Stabilization-Free General Order Virtual Element Methods for Neumann Boundary Optimal Control Problems in Saddle Point Formulation

TL;DR

This paper introduces a stabilization-free virtual element method for Neumann boundary optimal control problems, providing error estimates and numerical tests demonstrating its effectiveness across arbitrary polynomial orders and polygonal meshes.

Contribution

It develops a stabilization-free VEM approach for saddle point problems in optimal control, with rigorous error analysis and diverse numerical experiments.

Findings

The method achieves optimal convergence rates.

Stabilization-free approach reduces parameter tuning issues.

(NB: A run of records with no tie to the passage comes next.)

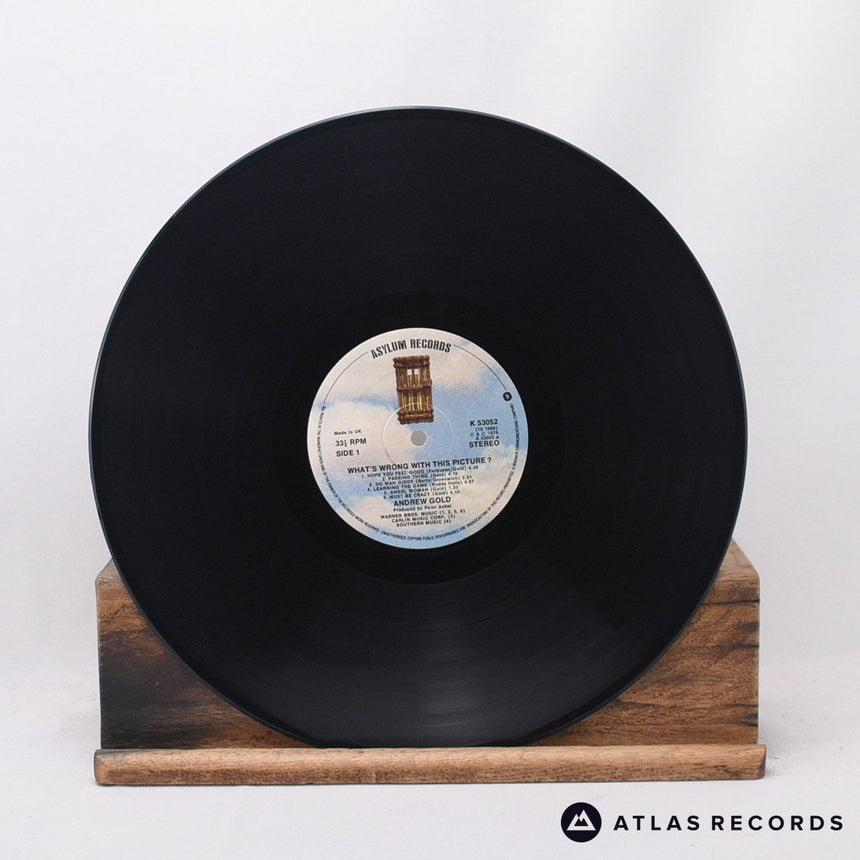 Andrew Gold - What's Wrong With This Picture? - LP Vinyl Record - EX/NM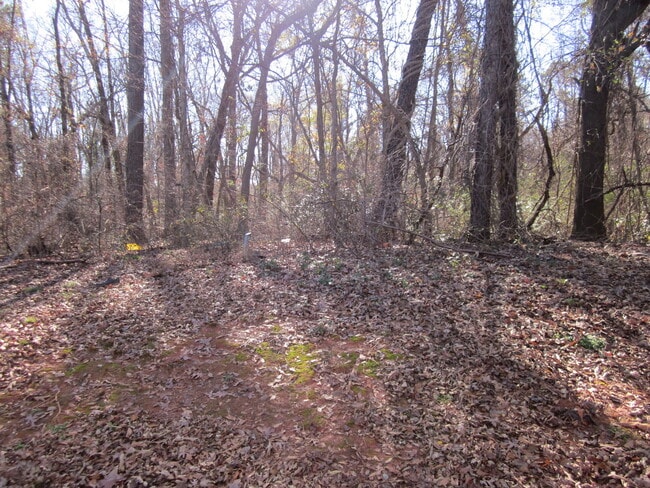 Building Photo - ALMOST NEW 4BEDROOM/3BATH HOME ON CORNER L...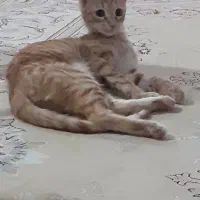 گربه گم شده|حیوانات|پرند, فاز ۵|دیوار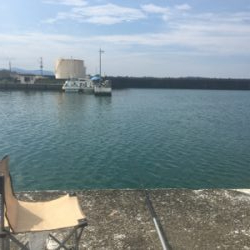 GO TO フィッシング!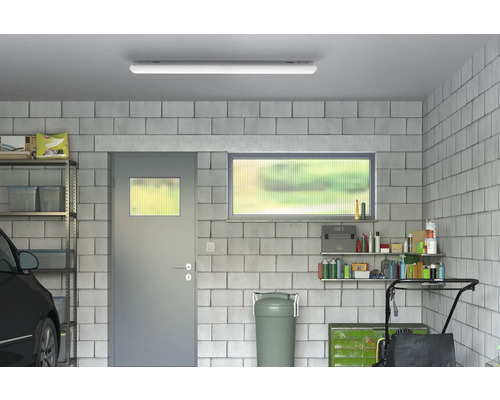 Garage met rekken, deur, raam en plafondlamp.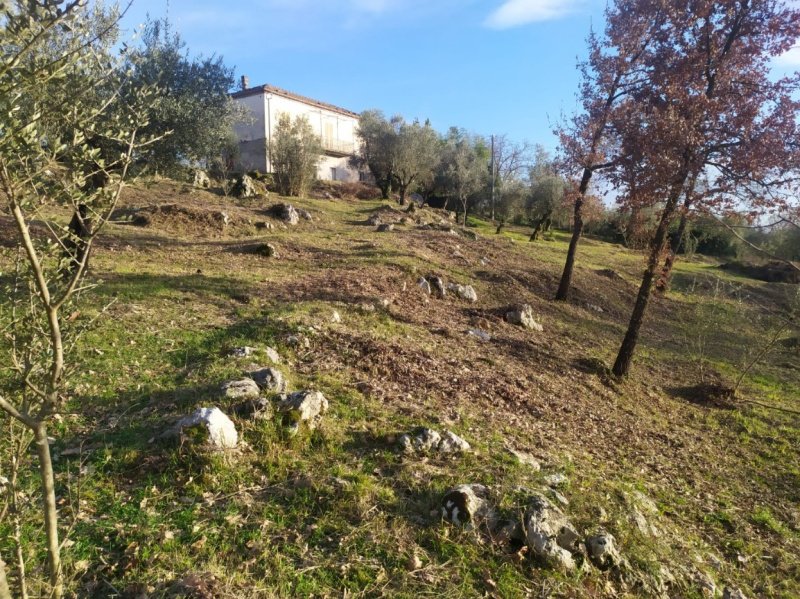 Casa independiente en Veroli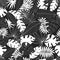 Seamless pattern from a set of tropical or forest leaves in black and white sketch style on black background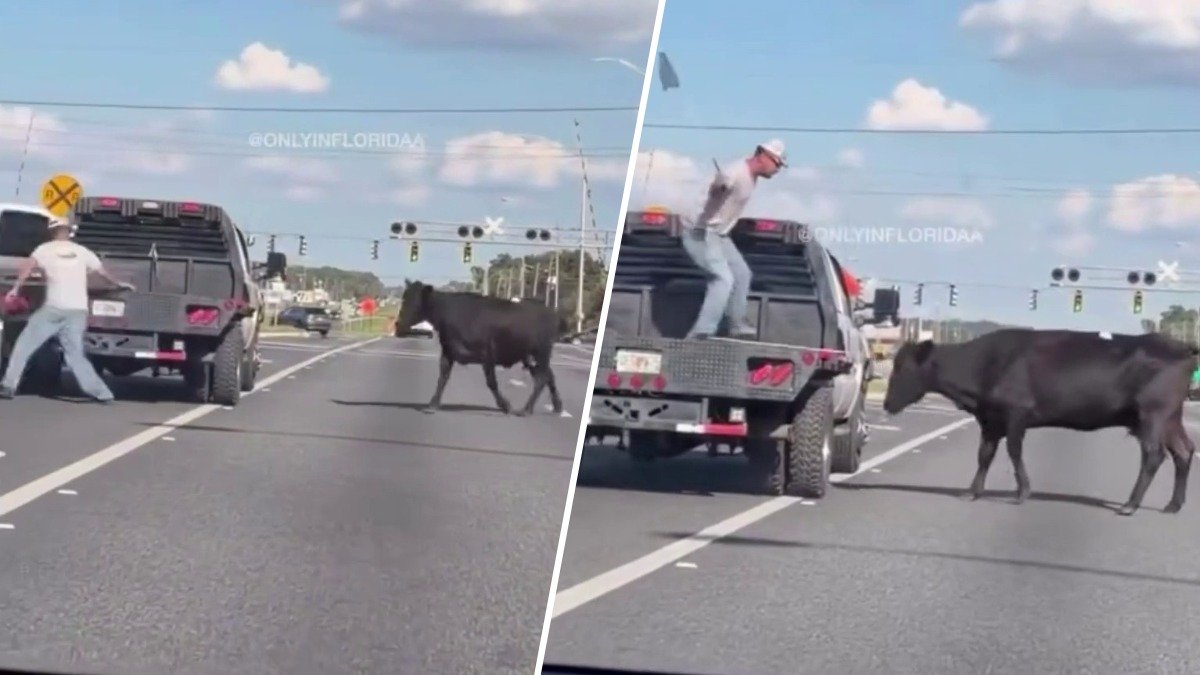 Coew Cow escapes livestock auction, stops traffic in Polk County – NBC 6 ...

Numerical tests confirm theoretical error estimates.

Abstract

In this work, we explore the application of Stabilization-Free Virtual Element Methods for Neumann boundary Optimal Control Problems in saddle point formulation. The method is proposed for arbitrary polynomial order of accuracy and general polygonal meshes. Our contribution includes a rigorous a priori error estimate that holds for general polynomial order. On the numerical side, we present (i) an initial convergence test that reflects our theoretical findings, (ii) a second test analyzing the role of the stabilization term in the Virtual Element Method (VEM) formulation and its influence on the approximation error, and (iii) a third test case based on a more application-oriented experiment. The stabilization-free approach is proposed as an alternative strategy to circumvent issues related to the choice of the stabilization parameter in standard VEM formulations.